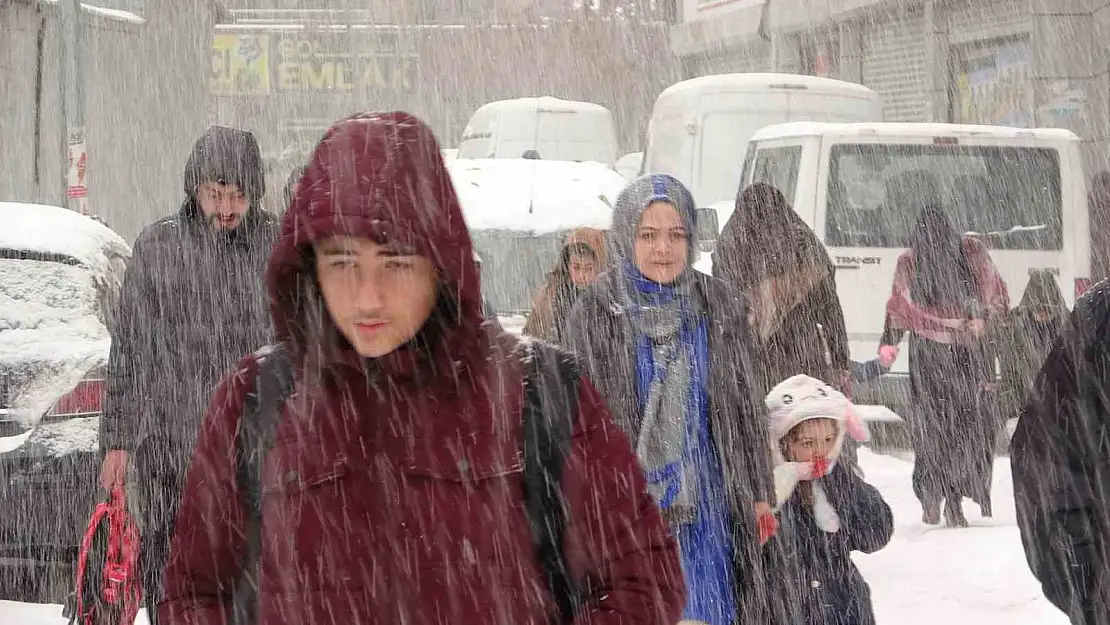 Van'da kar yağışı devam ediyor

--

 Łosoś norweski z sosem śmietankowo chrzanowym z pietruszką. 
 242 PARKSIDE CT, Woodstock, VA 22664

» Problem details: Precisely the lines between those holding "Łosoś norweski z" and "242 PARKSIDE CT, Woodstock, VA 22664", inclusive, are to be reproduced from the listing above, with nothing added.

» Result of this task:
 Łosoś norweski z sosem śmietankowo chrzanowym z pietruszką. 
 242 PARKSIDE CT, Woodstock, VA 22664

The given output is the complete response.